Liverpool/Düsseldorf/Bremen. Die Einordnung dieses Buches fällt dann doch überraschend schwer. Klar, Fußball und ganz speziell die Meistersaison des Liverpool FC spielt eine große Rolle, begleitet der Leser doch den glühenden Fan Campino durch die Saison 19/21 in der Liverpool bekanntermaßen zum ersten Mal seit dreißig Jahren Fußballmeister wurde. Campino versucht bei so vielen Spielen, wie es ihm möglich ist, vor Ort zu sein, leider kommt ihm da sein Beruf als Sänger einer der bekanntesten Bands des Landes immer wieder in die Quere. An manchen Tagen ist er gezwungen, die Spiele des Vereins auf einem kleinen Monitor auf der Bühne zu verfolgen. Oder im Backstagebereich von irgendwelchen Festivals, ohne funktionierende Internetverbindung oder eben vom Sofa zu Hause in Berlin oder Düsseldorf. Am liebsten dann aber doch im Anfield oder irgendeinem anderen Stadion in England oder Europa.
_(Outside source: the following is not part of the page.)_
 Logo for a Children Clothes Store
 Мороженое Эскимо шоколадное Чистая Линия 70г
So viel ist schon mal sicher, Campino lässt sich sein Hobby einiges kosten.
Die einzelnen Spieltage der Saison rücken allerdings schnell in den Hintergrund und dienen Campino vor allem als Vorlagen für einen Blick in die eigene Vergangenheit. Hope Street ist ganz sicher keine Autobiographie, aber es gibt viele Einblicke in Campinos Kindheit und Jugend, die allesamt entweder mit Fußball (und ganz speziell eben Liverpool, später auch Fortuna Düsseldorf) zu tun haben oder England, der Heimat seiner Mutter. Natürlich kommen auch die Toten Hosen und Punkrock an manchen Stellen vor, nehmen allerdings kaum Platz auf den Seiten ein und werden eher nebensächlich behandelt.
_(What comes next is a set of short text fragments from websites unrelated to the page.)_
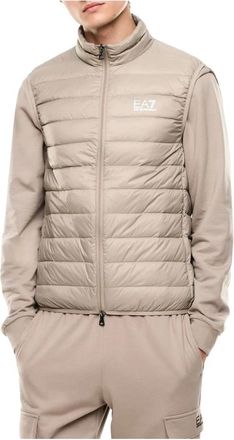 Emporio Armani Down Vest - Heren - Bodywarmers - Bruin - XL - Jassen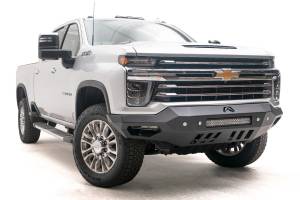 Fab Fours Bumpers & Off-Road Armor | 1350 Offroad - Fab Fours Vengeance Front Bumper, Bare Steel, with No Guard - CH20-V4951-B - Image 3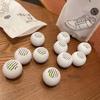 6PCS Deodorant Balls Deodorant Balls For Sneakers, Lockers Gym Bags Air FreshAlso Great For Home Office And Car.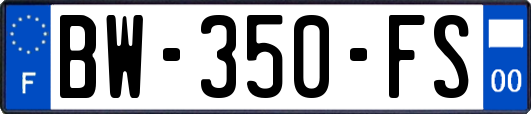 BW-350-FS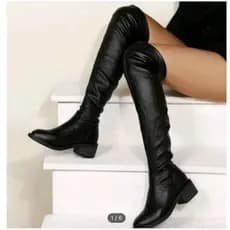 BOTA OVER BICO FINO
Stören am Anfang der 350 Seiten diese Rückblenden in die Kindheit, eine gewisse Glorifizierung, alles Englischem und die Familiengeschichte, so gehören spätestens ab der Mitte des Buches besonders diese Kapitel zu den stärksten. Besonders beeindruckend bleiben die beiden Kapitel über Campinos Eltern und ihre Kennenlerngeschichte in Erinnerung, die in dieser Form den Vergleich mit „Zwischen Ihnen“ von Richard Ford nicht zu scheuen braucht. Vor allem die eindringlichen Zitate aus den Briefen von Campinos Vater von den verschiedenen Fronten im Zweiten Weltkrieg, die er an seinen eigenen Vater, also Campinos Großvater, geschrieben hat, sind Zeugnis einer grausamen Zeit, die sich niemals wiederholen darf. In kurzen Auszügen werden die Schrecken von Krieg und Schrecken, die ein junger Mann erleben musste skizziert.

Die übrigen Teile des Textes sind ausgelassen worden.